November 13. 6Point called me over to look at something on his screen. Of course it is almost impossible to see anything on 6Point's screen, it always looks like spider footprints to everyone apart from 6Point, because he uses the smallest readable font for everything in his system. Which for his screen is 6 point fonts. Have you ever tried reading stuff at a size of 6 points? Try it with some text. You have to be mentally deranged to want to have your screen display almost everything at a 6 point resolution. Mentally deranged or a hard core programmer: it often seems to me that the gap between these two types is not large. So anyway, I tried to peer at 6Point's screen. Then I came closer and tried again. When my face was close enough to the screen that the spider footprints started to blur because I was too close, I gave up. "What are you showing me 6Point?". Some people spend too long with computers if you ask me.

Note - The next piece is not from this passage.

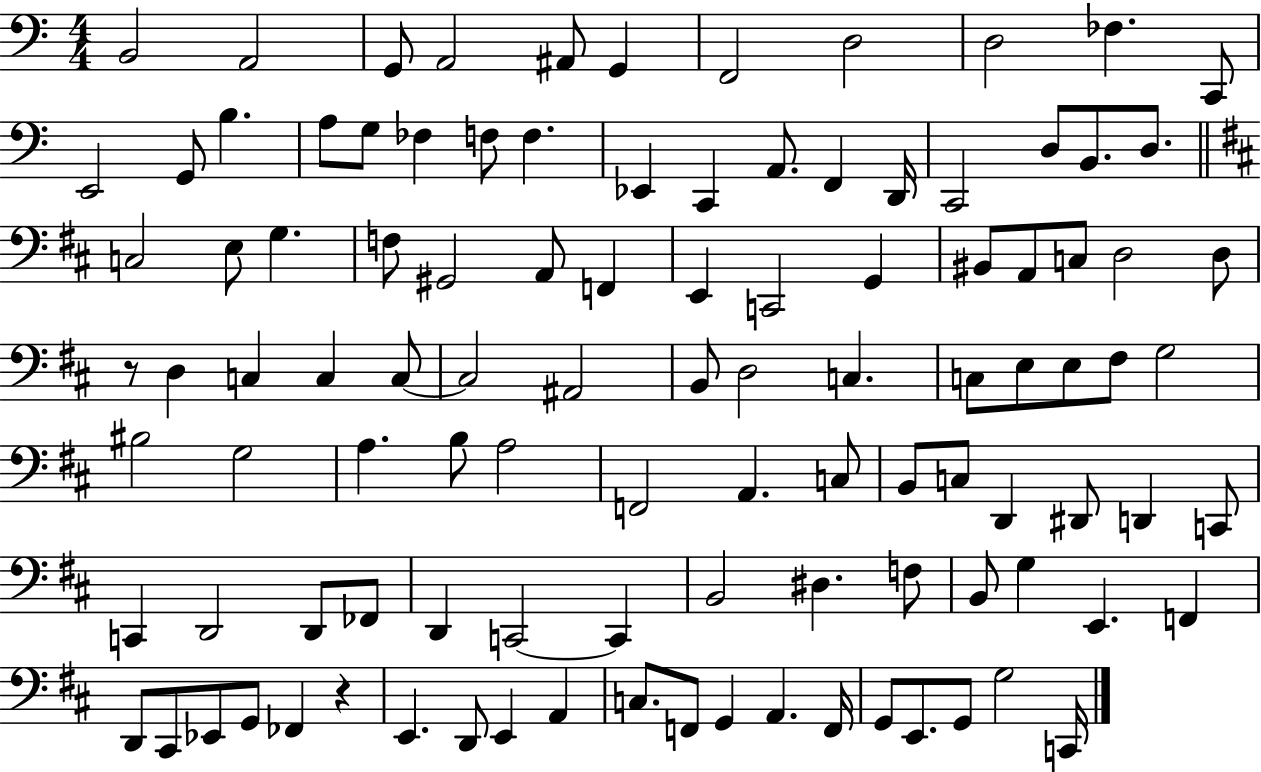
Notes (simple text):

B2/h A2/h G2/e A2/h A#2/e G2/q F2/h D3/h D3/h FES3/q. C2/e E2/h G2/e B3/q. A3/e G3/e FES3/q F3/e F3/q. Eb2/q C2/q A2/e. F2/q D2/s C2/h D3/e B2/e. D3/e. C3/h E3/e G3/q. F3/e G#2/h A2/e F2/q E2/q C2/h G2/q BIS2/e A2/e C3/e D3/h D3/e R/e D3/q C3/q C3/q C3/e C3/h A#2/h B2/e D3/h C3/q. C3/e E3/e E3/e F#3/e G3/h BIS3/h G3/h A3/q. B3/e A3/h F2/h A2/q. C3/e B2/e C3/e D2/q D#2/e D2/q C2/e C2/q D2/h D2/e FES2/e D2/q C2/h C2/q B2/h D#3/q. F3/e B2/e G3/q E2/q. F2/q D2/e C#2/e Eb2/e G2/e FES2/q R/q E2/q. D2/e E2/q A2/q C3/e. F2/e G2/q A2/q. F2/s G2/e E2/e. G2/e G3/h C2/s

They begin to take on the ability of a computer to respond exactly to the instruction given rather than the impart the information really needed to handle the issue. "That" was 6Point's response, pointing to his screen. "Yes, but what is that?" I asked. "The third section in the browser" was his hugely informative reply.

Now don't get me wrong, I'm up for a challenge just as much as the next guy. But sometimes you have to know when to quit and cut your losses. Doubtless the page on display was fascinating, perhaps earth shattering. But I wasn't going to find out here. Nevertheless, I gave it a lateral try, just in case there was something important there. "Gotta go to a meeting now 6Point, could you email me the URL?" I said, leaving his cubicle. See that? I must be true management material. If you don't understand something, tell them to send it to you in email.

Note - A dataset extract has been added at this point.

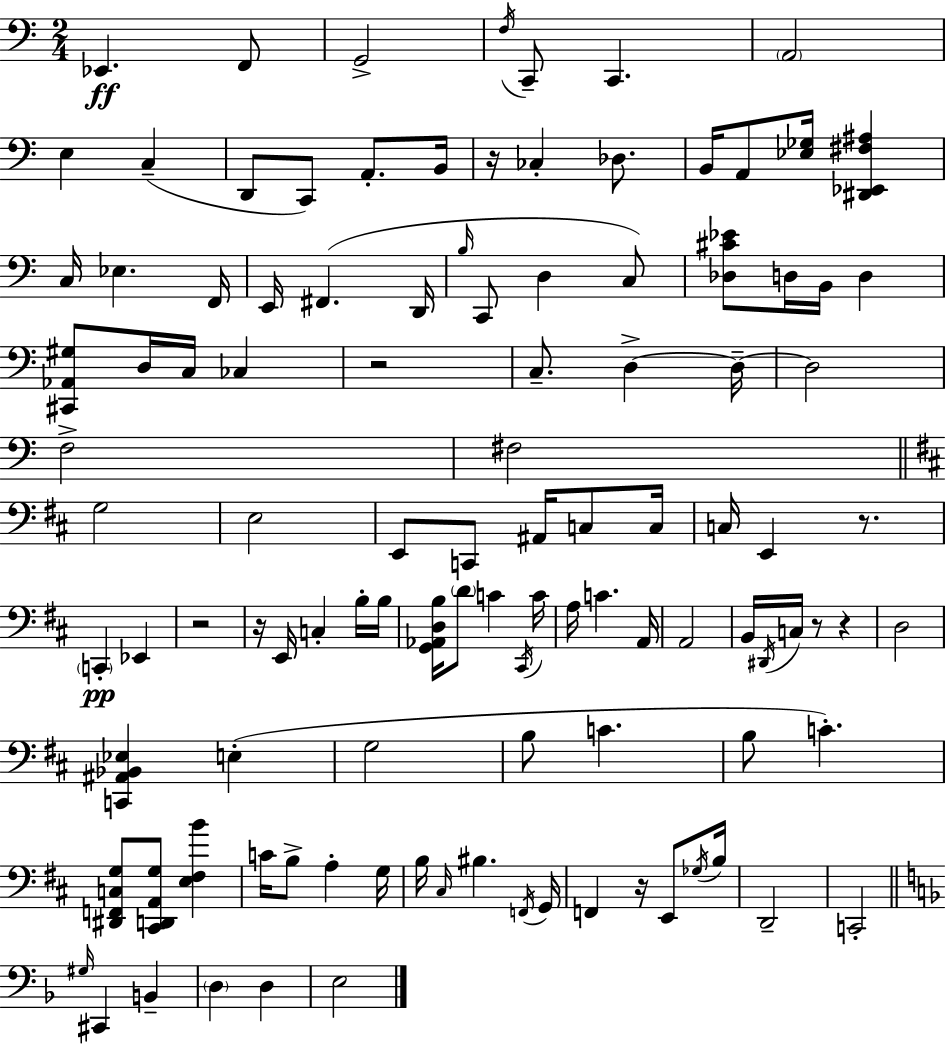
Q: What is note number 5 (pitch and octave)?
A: C2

The URL was in my inbox by the time I got back to my desk. The URL turned out to be for a news item from the local news. Reading it inspired my admiration for accurate reporting. In essence it said that one "Havva the Jutt" had been arrested by agents of a non-specific government agency for suspicion of plotting to steal a top secret laptop, and for conspiring with terrorists to cause mayhem with some plot called "the golden goat project". A "colleague" who worked with "Havva the Jutt" was also interviewed, and was quoted as saying "He was always very a shifty character, no one around here trusted him. He weaseled his way into the security system once and was investigated for accessing some confidential information but managed to lie his way out of the investigation. I'll be glad to see the back of him". The journalist attributed to reporting this almost 100% incorrect newsitem was "Rosencrantz N. Guildenstern". I say almost 100% incorrect, because although he got the wrong person; spelled that wrong person's name incorrectly; reported the wrong crime; reported a fictional conspiracy; and reported the wrong name for that fictional conspiracy; nevertheless he did manage to get correct that it was a "non-specific government agency". One thing that really bothered me was that the name of the journalist was somehow familiar. I just couldn't pin down why.

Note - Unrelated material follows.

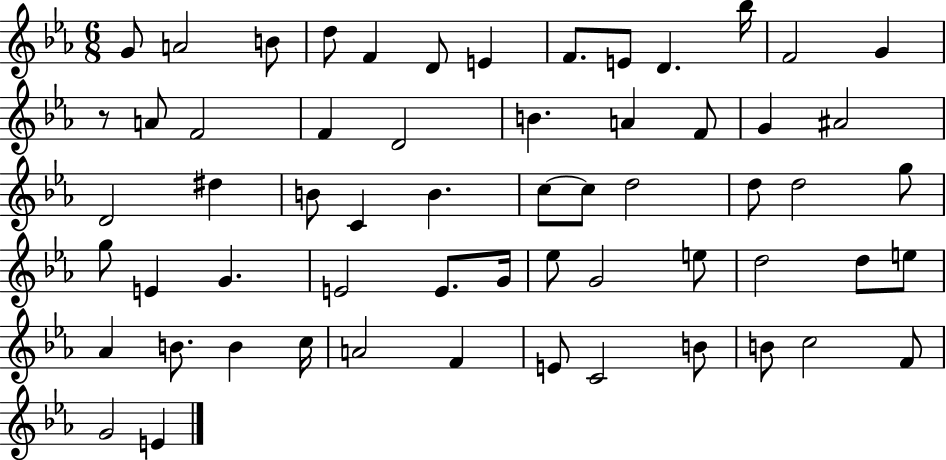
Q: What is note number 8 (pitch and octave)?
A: F4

November 20. BigMouth reminded me that Weevil had once invited Rosencrantz N. Guildenstern to one of our departmental events. Apparently Weevil knew him from some group or other, and liked to boast about how he had an "in" with the local news. So, of course, now the source of the incorrect news item was obvious. I had suspected Weevil before in any case, as the person with the facts and the motive, so this just confirmed it. Still, not much I could do about it. Several departments had been having a good laugh about the news report, and more than one internal website now featured a picture of me in one of those "Wanted, Dead or Alive" posters.

November 27. Ugh, Agent Thing1 and Thing2 have scheduled an appointment with me next week. Bloody Weevil, I'm sure this is down to something he's done.

BCNU

Javva The Hutt.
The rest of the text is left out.